On 05/24/2012 09:55 PM, Akemi Yagi wrote:
On Thu, May 24, 2012 at 2:44 AM, zxq9<[email protected]> wrote:A digression about the driver on SL6: The annoying thing is that every time you update your kernel you'll need to rebuild the drivers against the new kernel headers. The awesome part is that the driver building process is mostly automated for you, AMD has lately done a very nice job of maintaining its driver set for Linux, games, CAD, and anything else graphical you want to do really fly on an A8, and all this is free (both types of "free" -- AMD opensourced its Linux drivers, so the Catalyst package is no longer "evil", or at least not as evil as it once was). I wrote a procedure for the E350 (with some background) that should work fine on your A8 on the SL forums here: http://scientificlinuxforum.org/index.php?showtopic=415&view=findpost&p=7102 Procedural notes for SL6 have also been added to the AMD driver wiki here: http://wiki.cchtml.com/index.php/Scientific_Linux#Scientific_Linux_6x The AMD release page is here: http://support.amd.com/us/gpudownload/linux/Pages/radeon_linux.aspx (if not you can select your type from http://support.amd.com ) Hope the explanation didn't confuse, and that the driver links are helpful.... Or head for elrepo.org and install kmod-fglrx : http://elrepo.org/tiki/kmod-fglrx It survives kernel updates transparently, so there is no need to rebuild/install each time you update the kernel. Also, 'yum update' will update the version of the ATI driver when a new version of the driver becomes available.

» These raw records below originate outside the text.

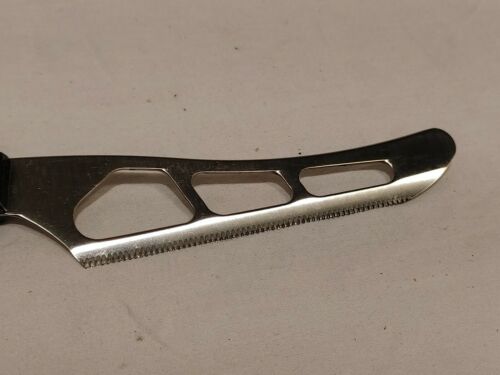 CUTCO Cheese Knife 1764 KL Classic Brown Handle Olean, NY Made In USA Sharp - Fresh Stock Dated December 2025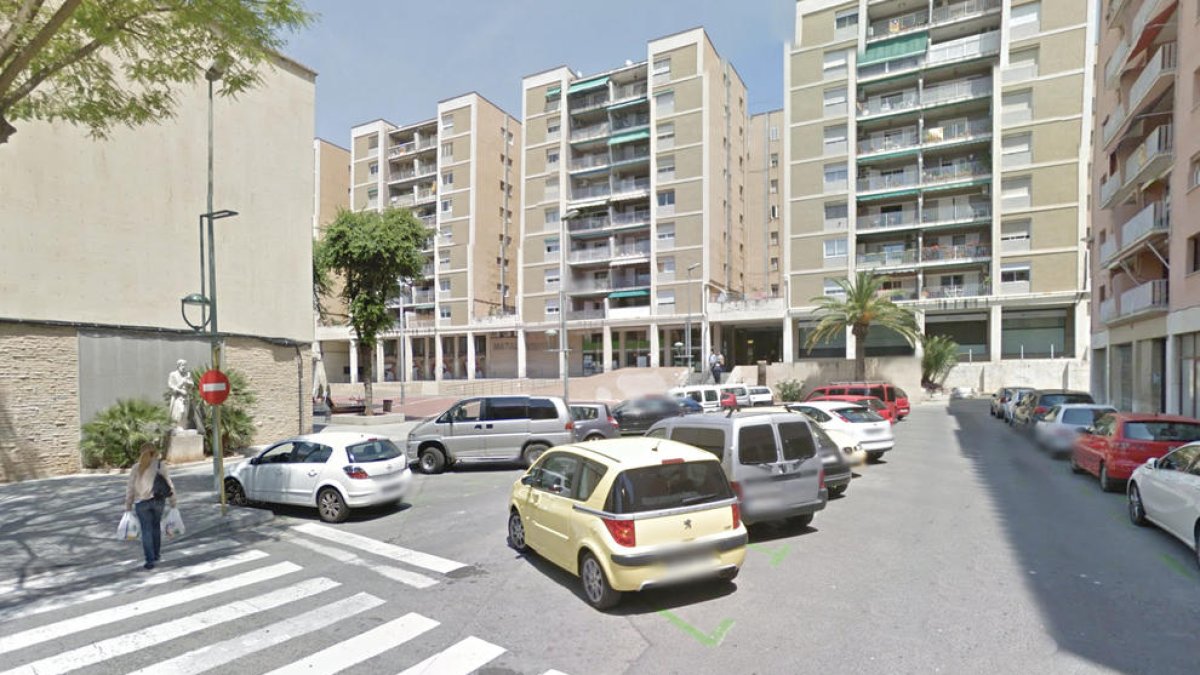 Un detenido por destrozos en seis vehículos en la zona de Cronista Sessé en Tarragona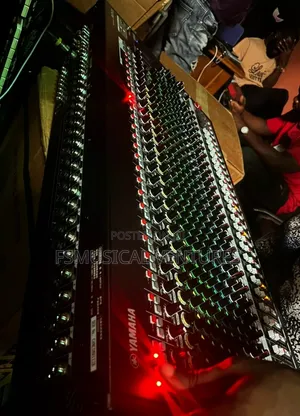 Yamaha MGP32X Premium Mixer Console 32-channels With EFT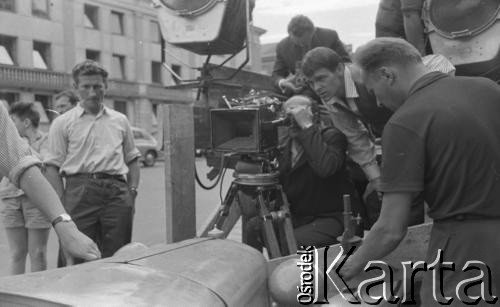 1959, Warszawa, Polska.
Reżyser Stanisław Wohl (za kamerą) i ekipa filmowa na planie filmu 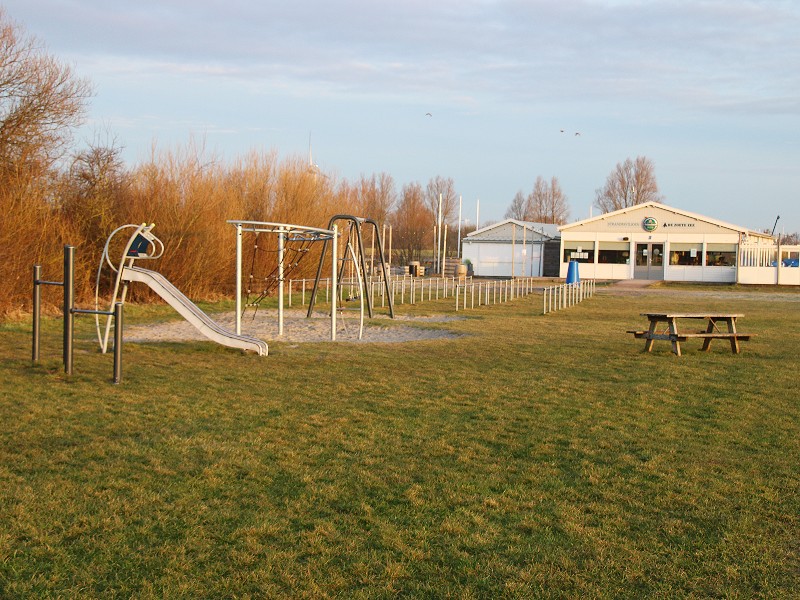 Speeltuintje bij het strandpaviljoen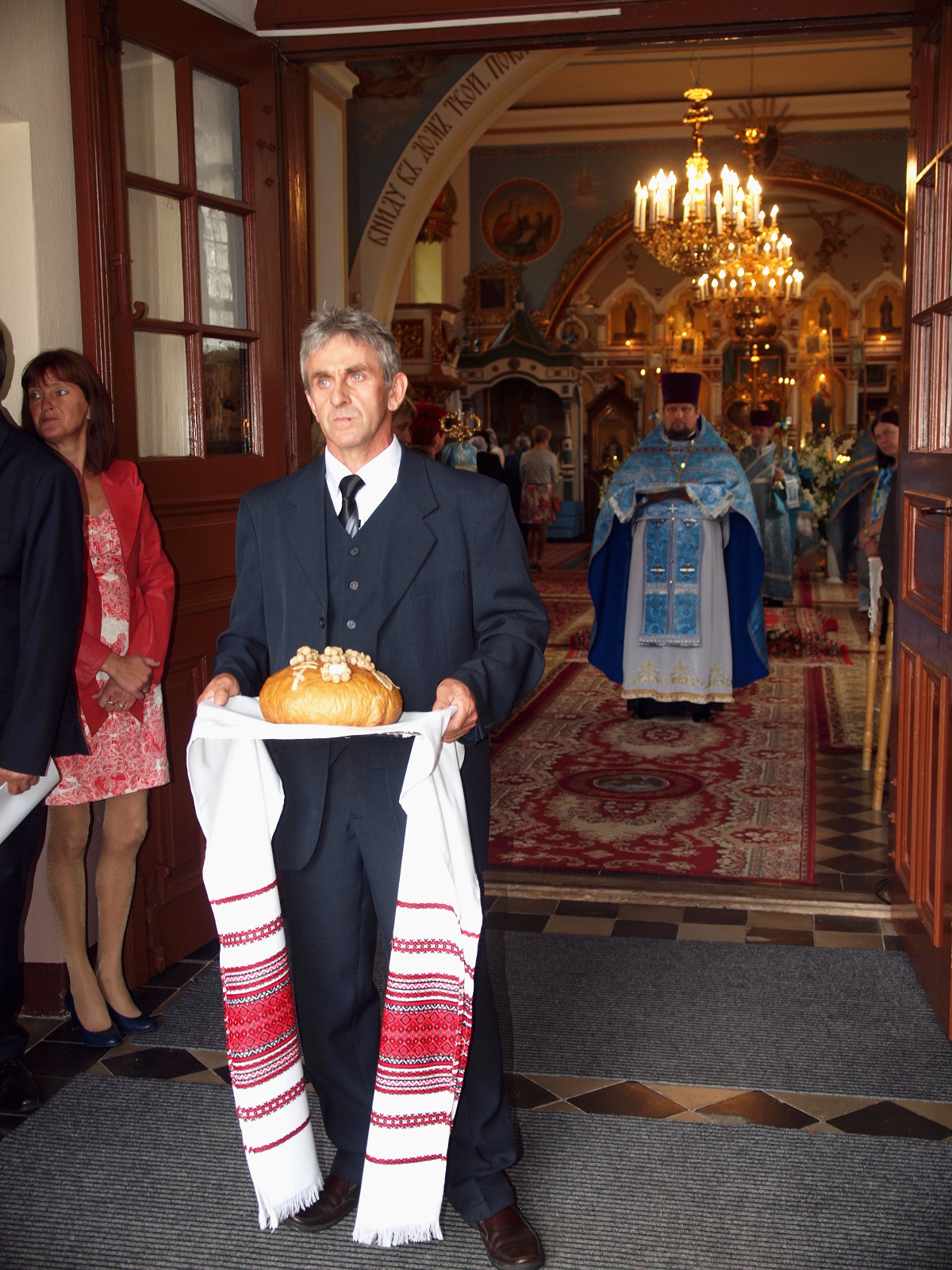 Oczekiwanie na powitanie Abp Abla.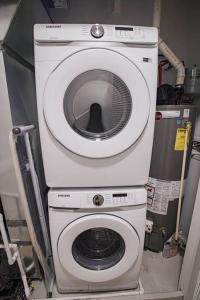 Modren 2 BR Min to New York City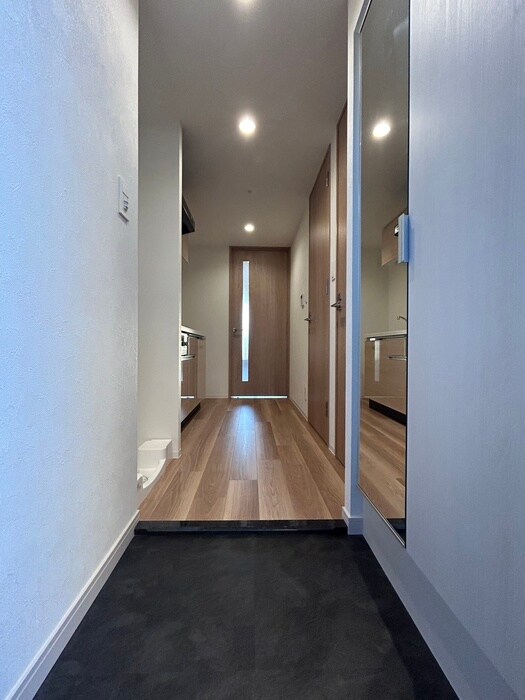 物件内観写真21　(玄関)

Basically, it a 'install once and forget forever' type operation. :-) In Scientific Linux 6, setting up ELRepo is as easy as: yum install elrepo-release Akemi
A note on this... in our experience there is a slight performance difference between the generically built ELRepo driver package and ones built directly against your kernel header on your hardware.
In the case of an A-series processor this probably won't be noticable unless you are an extremely demanding gamer, but on lighter systems like the E-series APUs using them as 3D CAD stations or enabling the desktop eye candy is just a touch annoying without letting the GPU pull out all its tricks.